I do see completely what you mean, and I had uncomfortable moments reading the book as well. However, I do have a dissenting opinion to offer, because the end turned everything around for me. I guess the big difference between my interpretation and yours and that I didn't see Irial as her rapist. To clarify, I *did* see that he raped her psychologically and emotionally, "drugging" her, so that when they did have sex, that was physical rape, too. But what I mean is, he had a different significance for me in the book. To me, he represented the numbness of addiction / denial that Leslie sought because she couldn't bear to feel the pain of having been raped by Ren's friends. He was less a character to me and more the metaphor for Leslie's need to escape; her wish to die; her choice of darkness and despair, rather than life, survival, recovery. Therefore, at the end, when she still cared for him, it didn't bother me the way I think it bothered you, because to me, her caring was less caring for a horrible person, and more a new understanding of her pain and how she'd dealt with it. Her caring was caring for her own feelings and behavior -- for emotions she had that she couldn't have helped having, and for behavior that had hurt her but that she could forgive herself for now. I don't know if I'm making any sense at all here. For me, Irial had so much metaphorical power (as a natural self-destructive step in her reaction to being raped by Ren's friends) that I was less bothered by his less metaphorical significance. And perhaps more impressed by her ability to reject feelinglessness, and choose life, even though it also meant facing her pain.

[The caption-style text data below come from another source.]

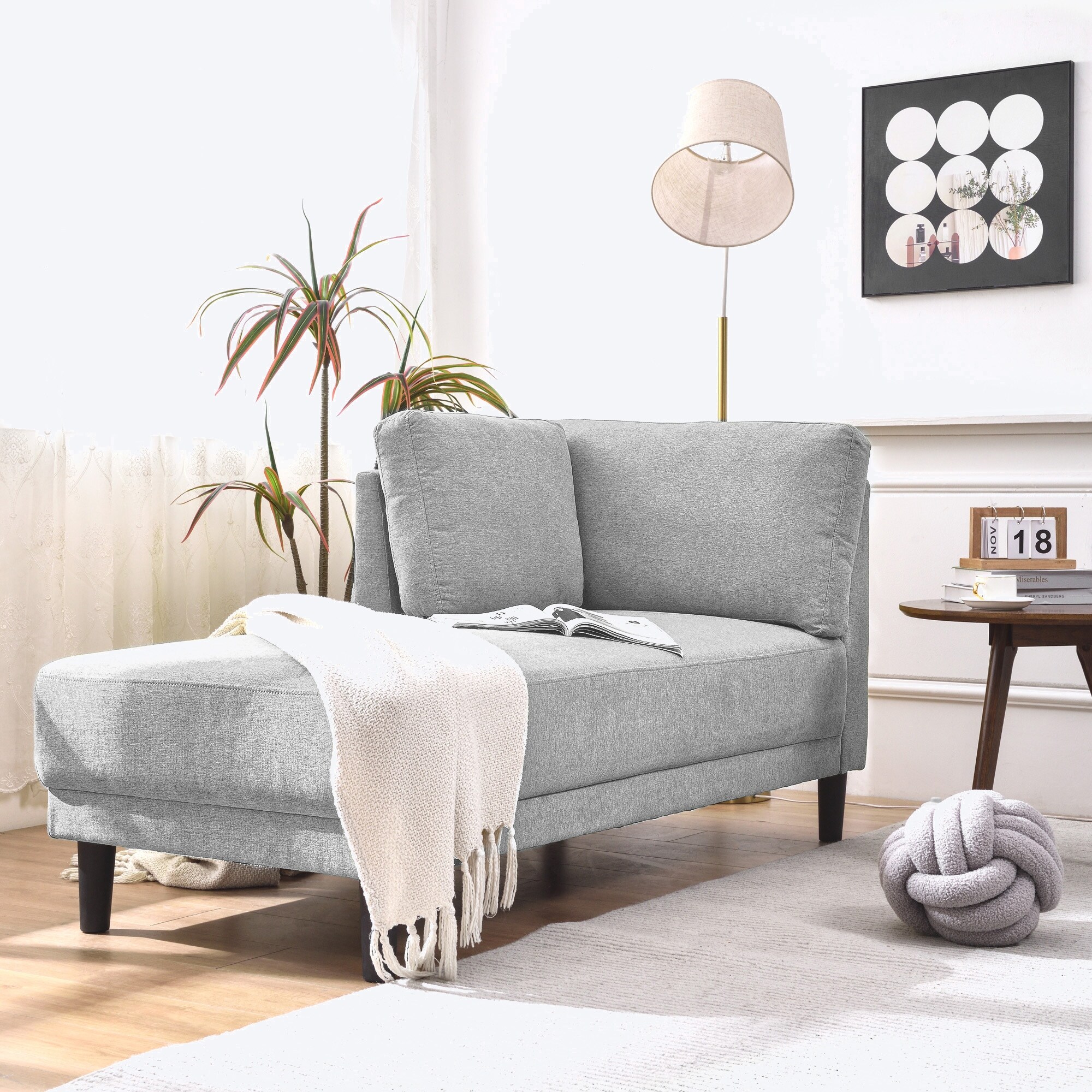 Small chaise chair hot sale
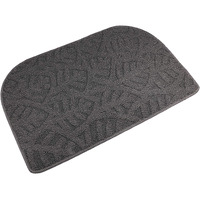 Toonow Indoor Doormat Front Door Mat,30""X18"", Low-Profile Machine Washable Kitchen Rug, Absorbent Mud Half Round Entrance Mat For Outdoors, Entryway, Patio, Bedroom, Dark Gray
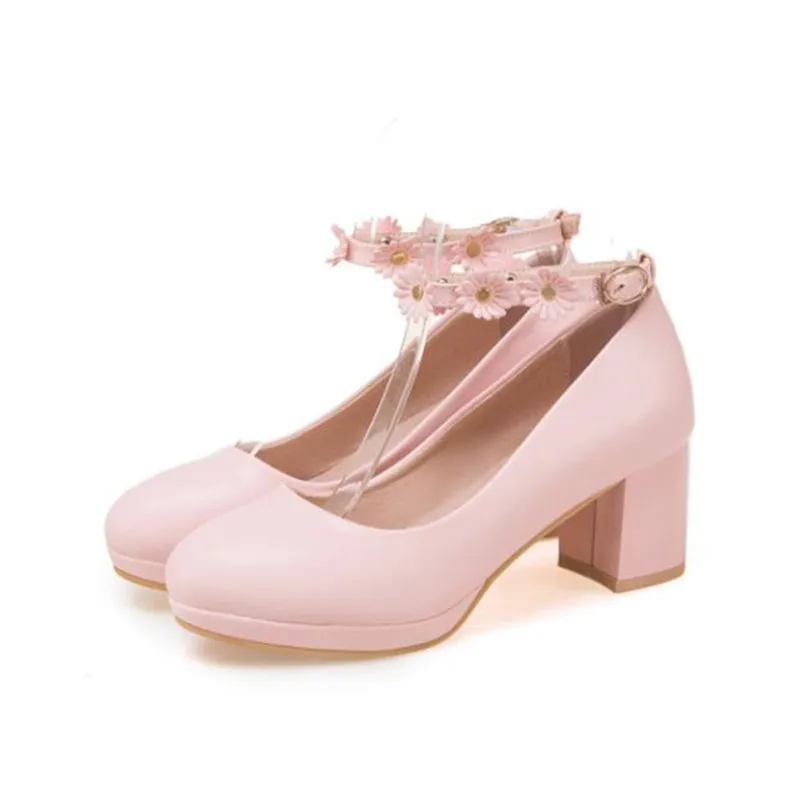 Size30-43 الفتيات فستان أحذية عالية الكعب النساء ح...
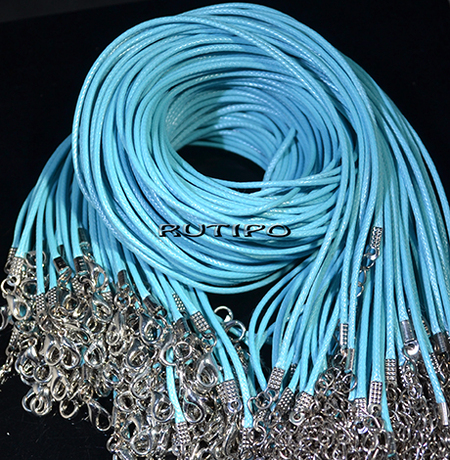 Основа вощеный шнур SkyBlue 1.5мм*43см, шт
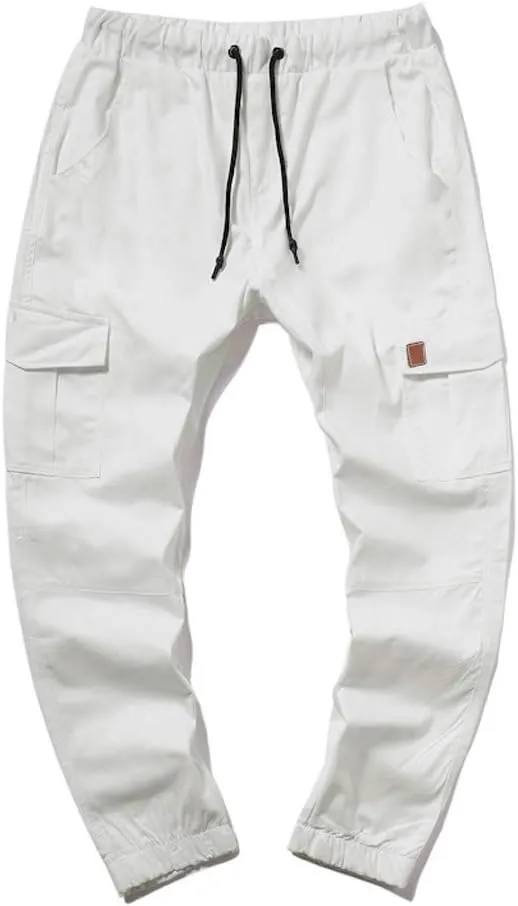 Cargo Pants For Men Mens Casual Pants Solid Drawstring Sport Jogger Cargo Pants Cargo Outdoor Hiking Trousers Panrts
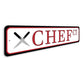 Chef Street Sign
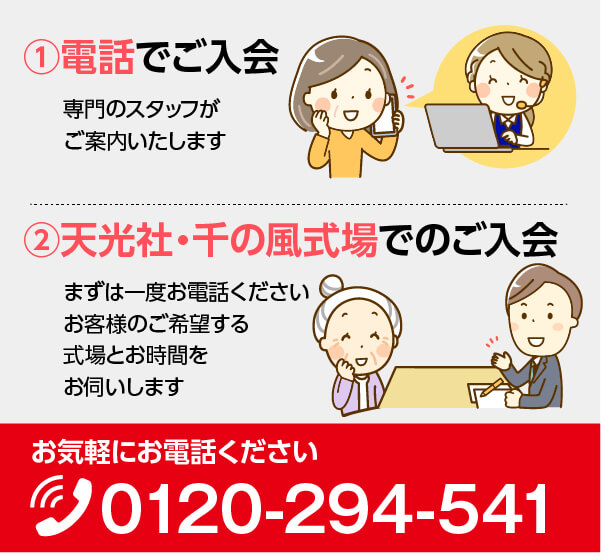 千の風クラブお電話での入会
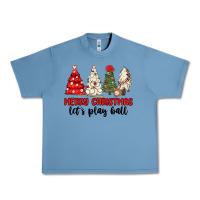 Pebble Blue merry christmas let s play ball baseball Urban Heavy Tee - MaliasSmallBusiness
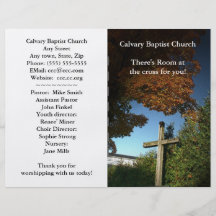 Church Bulletin,  Customize Personalized Flyer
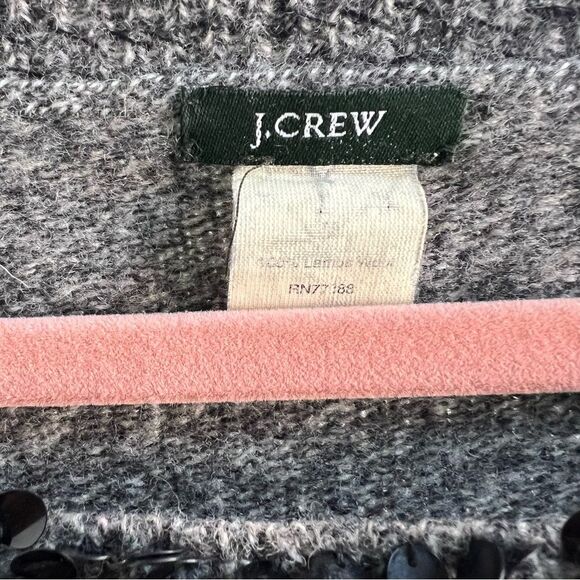 Y2K Sequin Festive Lambswool Sweater Holiday Party Winter Cozy J.Crew - Picture 2 of 7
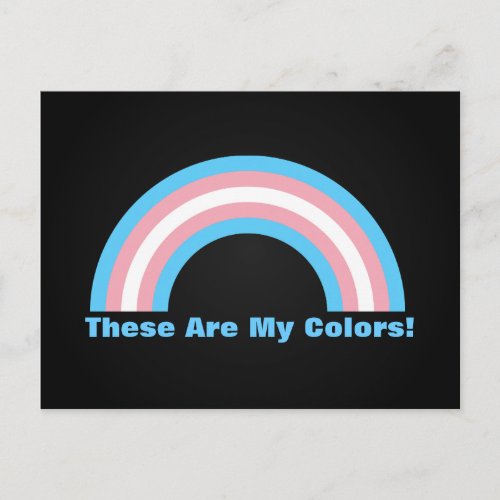 Transgender rainbow pride  Postcard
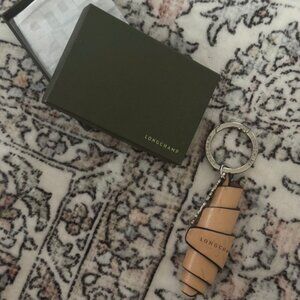 Longchamp Croissant Key Chain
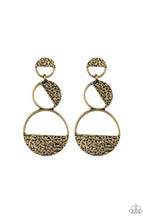 Load image into Gallery viewer, Paparazzi Triple Trifecta - Brass Earrings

I was also icked out by the enforced strip-show with Niall and Irial, but it was powerful to me that Leslie more or less said "Go away, goodbye, I want a life without you" to both of them. "I want to build my own life, and there's no place for you in that life." At a certain point, I began to feel that all the awful, icky manipulation and so on was realistic to our world, and that's why it was in the book. It was horrible, but it was true. Leslie really was a lost soul in a horrible world.

Again, I appreciate your interpretation, and it's one of the things that fascinates me about the book -- it's complicated and tricky and can be looked at from a lot of angles. I hope I've made sense here. I came away from the book loving it and eager to talk about it -- eager for the people I trust to read it and tell me what they thought.